What is expected → Apart from the images, the entire listing below must be restated word for word.

Data shown →
--- START ---
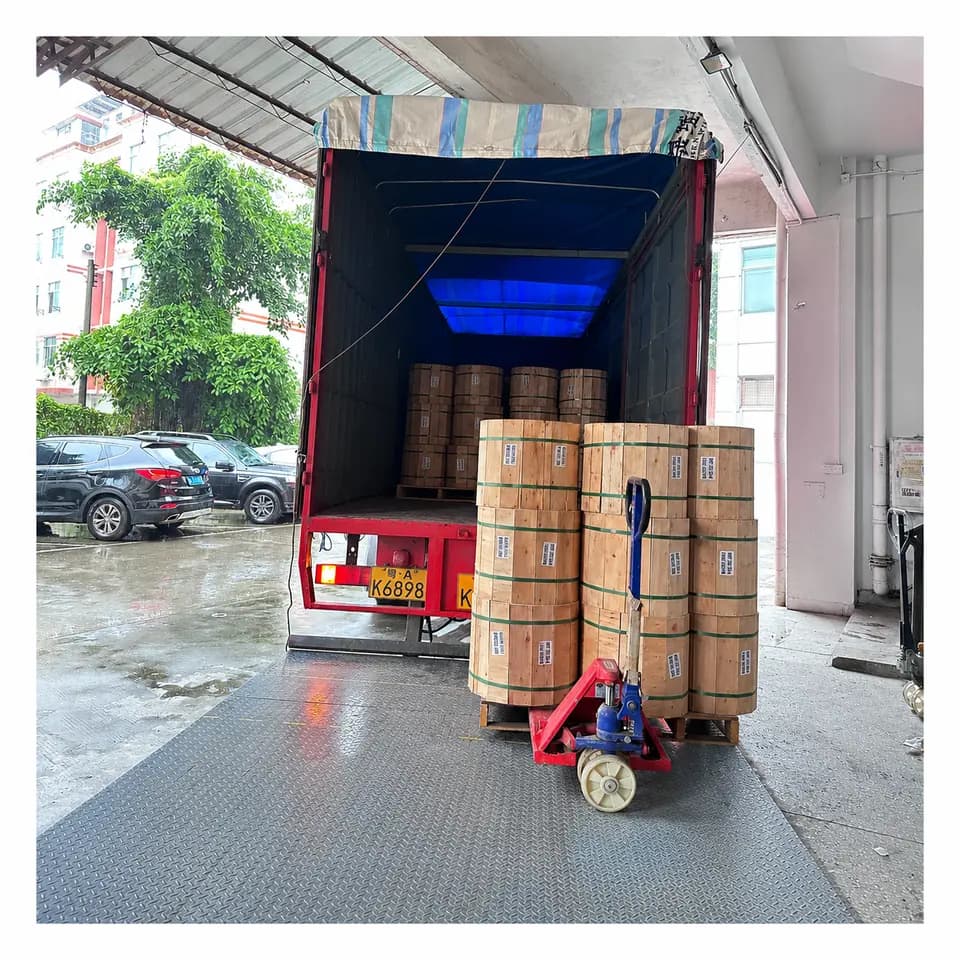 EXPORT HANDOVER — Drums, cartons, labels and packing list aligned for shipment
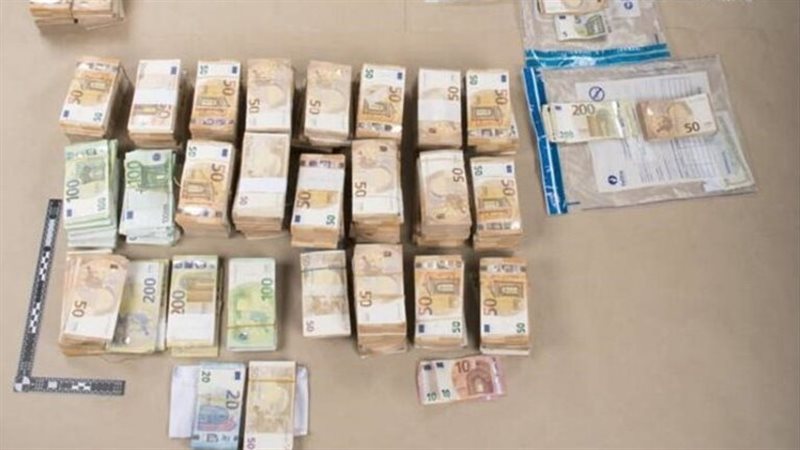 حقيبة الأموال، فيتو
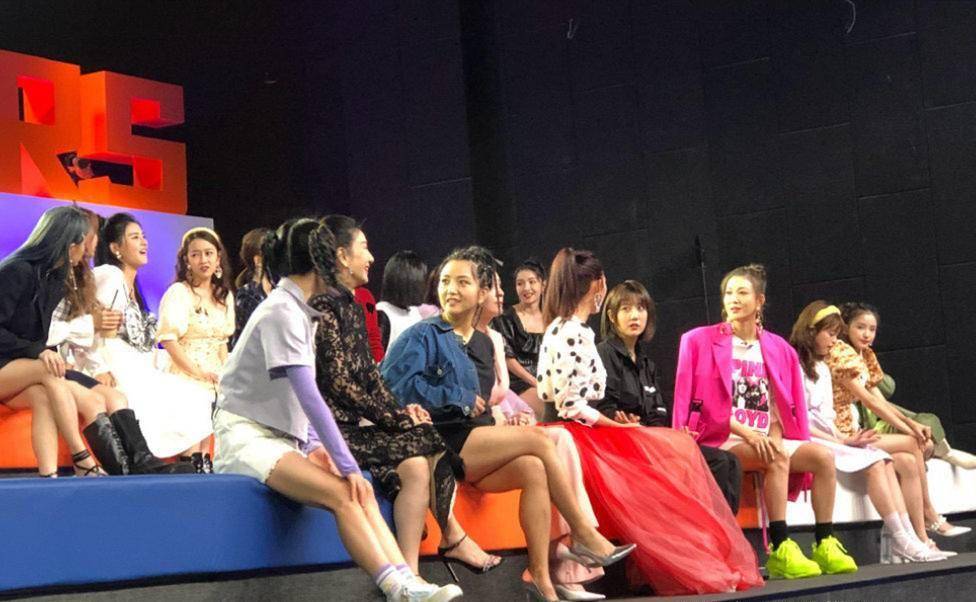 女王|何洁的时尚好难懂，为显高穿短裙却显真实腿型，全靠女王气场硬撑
--- END ---
Answer to the exercise →
 EXPORT HANDOVER — Drums, cartons, labels and packing list aligned for shipment
 حقيبة الأموال، فيتو
 女王|何洁的时尚好难懂，为显高穿短裙却显真实腿型，全靠女王气场硬撑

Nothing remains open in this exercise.